Le Grand Nord sibérien dans « Ilir » d’Anna Nerkagui
Le Grand Nord sibérien dans « Ilir » d’Anna Nerkagui
Dominique Samson présente ici une page du XXe siècle de l’Arctique sibérien à travers l’histoire des Nénètses, peuple samoyède du Grand Nord. Cette approche thématique — toundra, tchown, clans, renniculture, Esprits, tradition orale — d’un univers bouleversé par la Révolution d’Octobre est illustrée par des extraits de l’œuvre Ilir de l’écrivain nénètse contemporain Anna Pavlovna Nerkagui, entrouvrant ainsi l’un des chapitres essentiels d’une Histoire autochtone qui n’en finit pas de s’écrire. Celui d’un monde traditionnel survivant dans ces quelques pages et bientôt renversé par les trains rouges de Lénine : « Les Nénètses sont d’incorrigibles optimistes.
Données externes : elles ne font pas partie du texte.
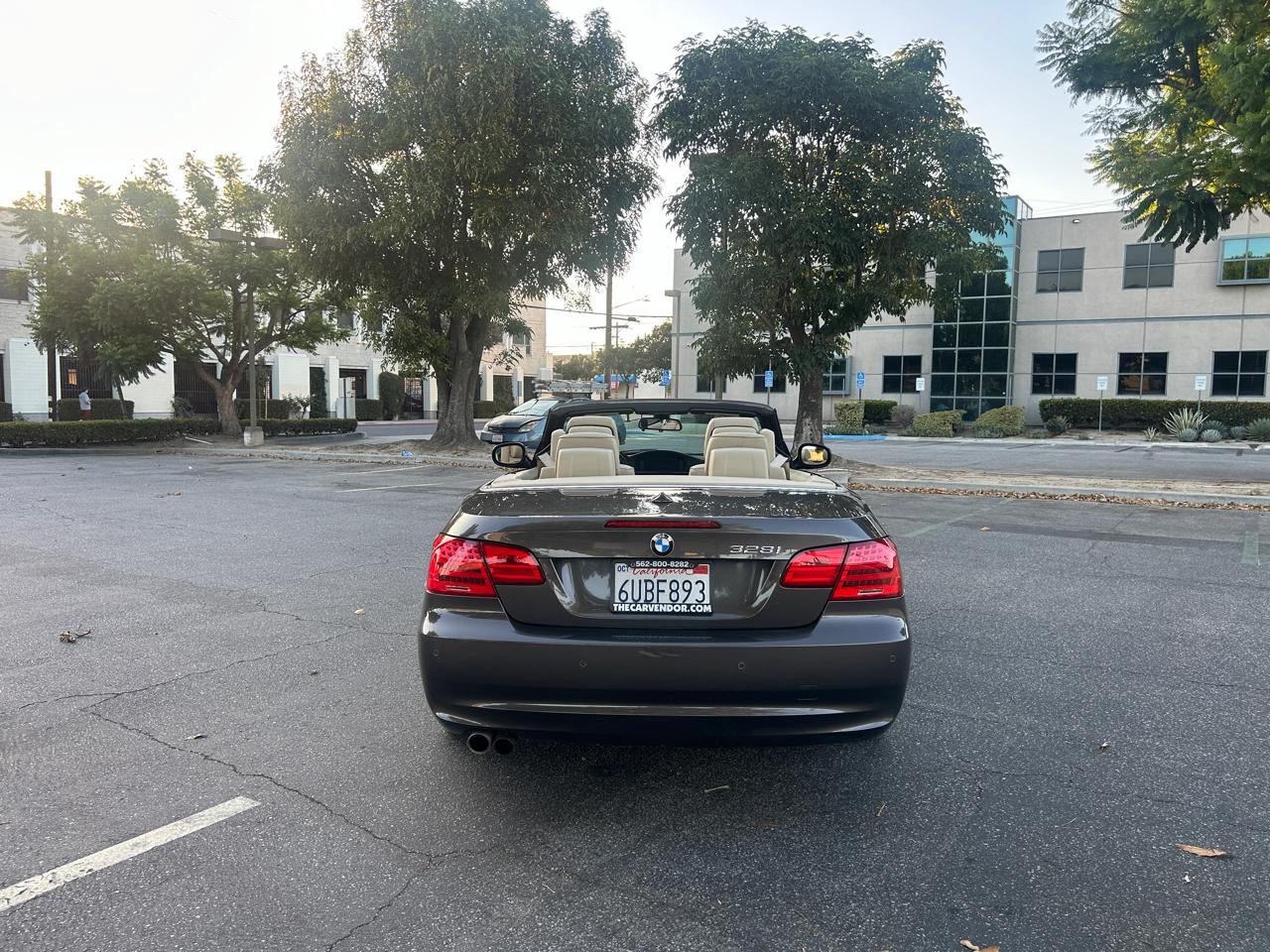 BMW 3-Series 328i Convertible - SULEV 2011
Un peuple polaire où l’extrême fait figure d’ordinaire, des Esprits-Maîtres que la modestie pousse à se percher sur un arbre ou écumer les eaux d’un lac plutôt que d’étouffer sous les ors d’une Église, une civilisation en équilibre sur le renne, l’harmonie avant le progrès : pas grand-chose à voir avec l’Homme Nouveau qui préoccupe la jeune Union soviétique. Les cadres du Parti défont la vie millénaire ; le nomadisme est hors-la-loi, la tradition orale doit laisser la parole aux livres d’école, le renne désacralisé devient un outil de production. Le Parti voudrait repeindre les racines du peuple à ses couleurs, redresser un arbre généalogique trop éloigné des petits-enfants modèles de Lénine, redessiner cet Eden brut en gisements pétrolifères et gazifères. Bref, le paradis est à portée de main du XXe siècle. Mais la petite-mère Russie n’entend pas courir seule l’aventure, aussi les Nénètses seront-ils traînés tour à tour dans le réalisme socialiste soviétique, dans la perestroïka, et puis aujourd’hui, dans l’économie de marché. »
L’ombre silencieuse des Esprits, piétinée dans la neige, s’est mise brutalement à saigner.